▸ **Exercise brief**
Copy nothing before the line that contains "NFL トム・ブレイディ選手現役続行😆大人気のホワイトジャージなど多数"; from there, transcribe each line exactly through the end of the material, omitting pictures.

________

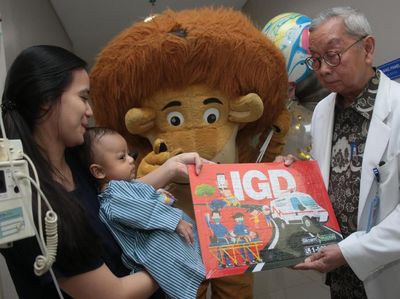 Hibur Pasien di Hari Anak Nasional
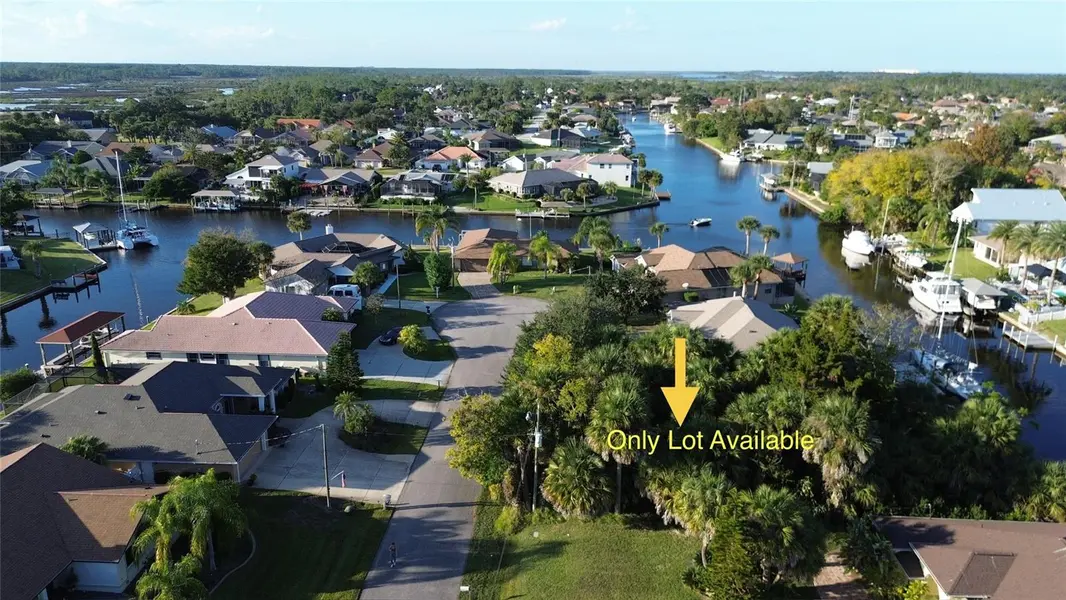4 CROW CT, Palm Coast, FL 32137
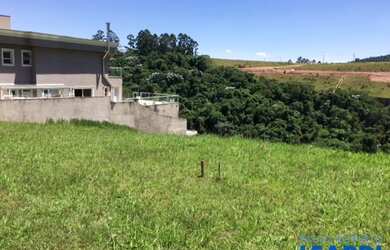 Imagem: O terreno possui 670m² de Área e está localizado em Paiol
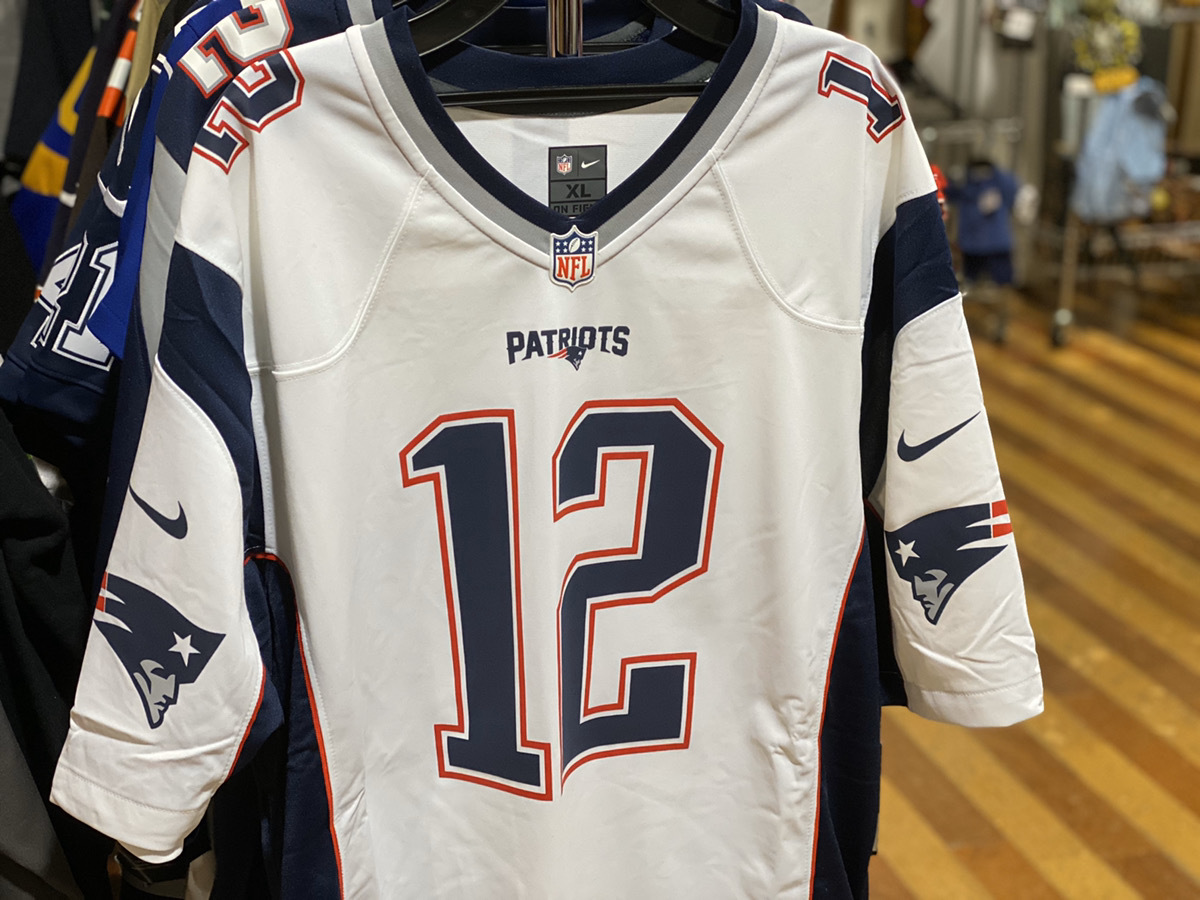 NFL トム・ブレイディ選手現役続行😆大人気のホワイトジャージなど多数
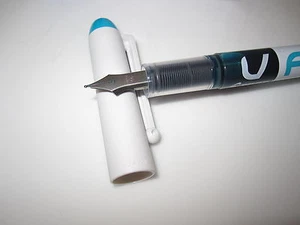 PILOT V PEN STYLO PLUME POINTE M JETABLE VERT SVPN-4W-PG GRANDE CONTENANCE NEUF - Picture 1 of 4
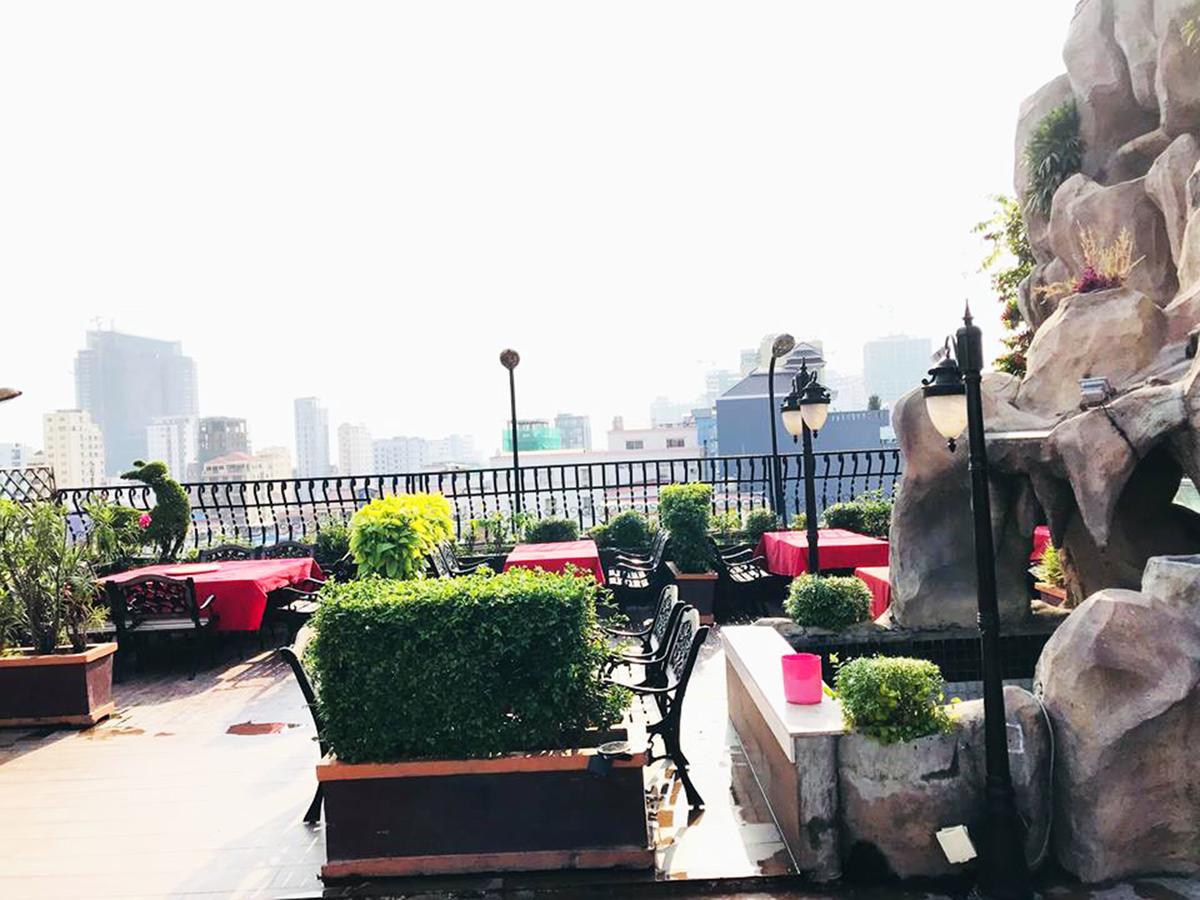 Hotel Luxury World 프놈펜 외부 사진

________

▸ **Your response**
 NFL トム・ブレイディ選手現役続行😆大人気のホワイトジャージなど多数
 PILOT V PEN STYLO PLUME POINTE M JETABLE VERT SVPN-4W-PG GRANDE CONTENANCE NEUF - Picture 1 of 4
 Hotel Luxury World 프놈펜 외부 사진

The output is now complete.